Open Up: The Roof as a Suspended Space
The roof is converted into a planted rooftop, offering occupants a suspended terrace with views over La Défense and Paris. This third layer of the intervention completes the building’s three-dimensional transformation — façade, ground, and roof — and reinforces the bioclimatic ambition of the project, certified BBC Rénovation.
The Façade: Between Stone and Domesticity
The street-facing façade is the centerpiece of the project. To integrate it into Neuilly’s residential fabric while allowing optimal use of the office floor plates, the architects developed a hybrid language, halfway between a residential building and a commercial one.
The 135 cm grid typical of office façades was combined into 270 cm bays. This doubling of the module produces wider openings, evocative of the Parisian residential window, while ensuring optimal lighting for the workstations. This domestic character of the façade also opens up a future possibility: the building could eventually be converted into housing without any major architectural disruption.

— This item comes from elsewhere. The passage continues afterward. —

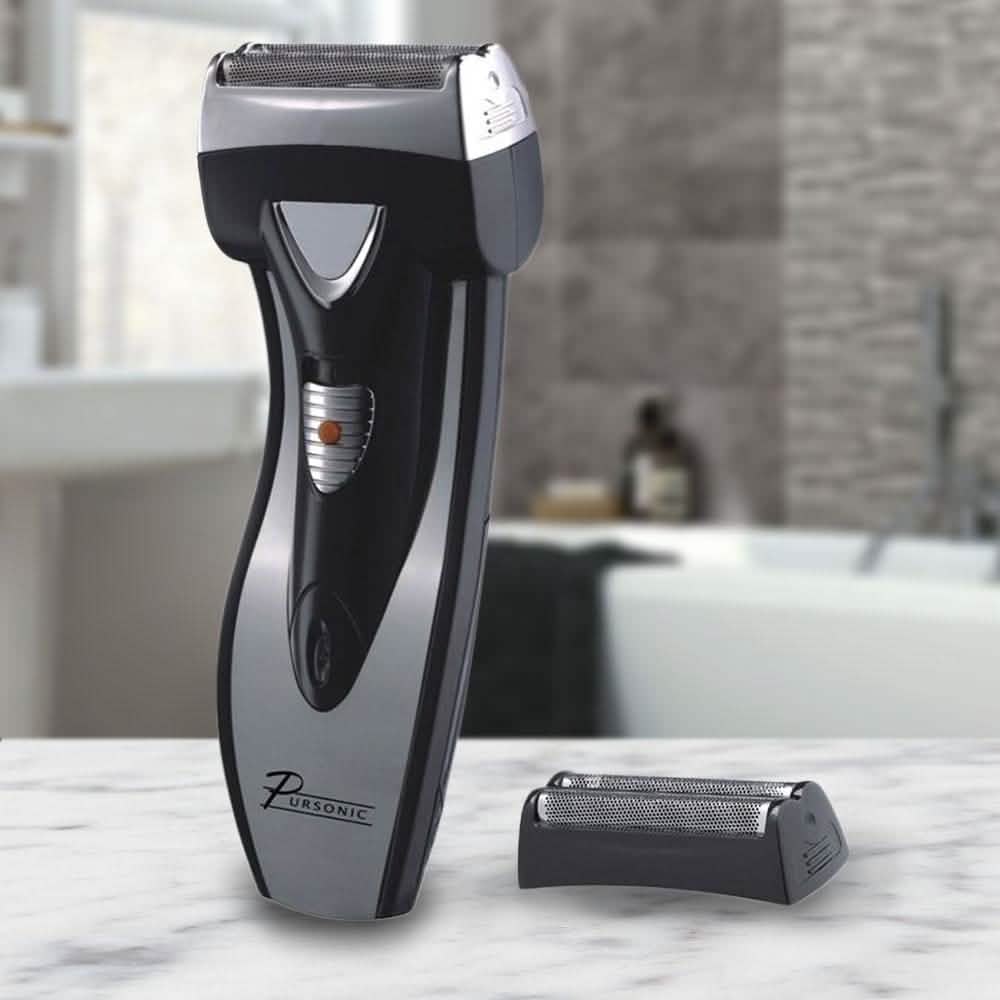 BSF200 Battery Operated Shaver With Pop Up Trimmer - Includes Extra Foil-BSF200 Battery Operated Shaver With Pop Up Trimmer - Includes Extra Foil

In terms of materiality, Saint-Maximin stone — the same stone that clads the inner districts of Paris — was chosen for its timeless character and its rootedness in the architectural vocabulary of Greater Paris. It is used as solid stone at the base of the façade, anchoring the building in the mineral narrative of the capital.
The courtyard façade takes a different approach: while it retains the original design as a trace of the building as it once was, it is no less carefully worked. The existing staircase has been extended and highlighted, while a metal mesh ties and unifies the whole, creating coherence between old and new.
The Staircase: A Green Link
Originally required by fire regulations as an external emergency exit, the staircase has been redefined as an architectural promenade. Tracing an open spiral onto the garden, it becomes a sculptural element in its own right, revealing an unexpected vegetal and structural presence from within the block.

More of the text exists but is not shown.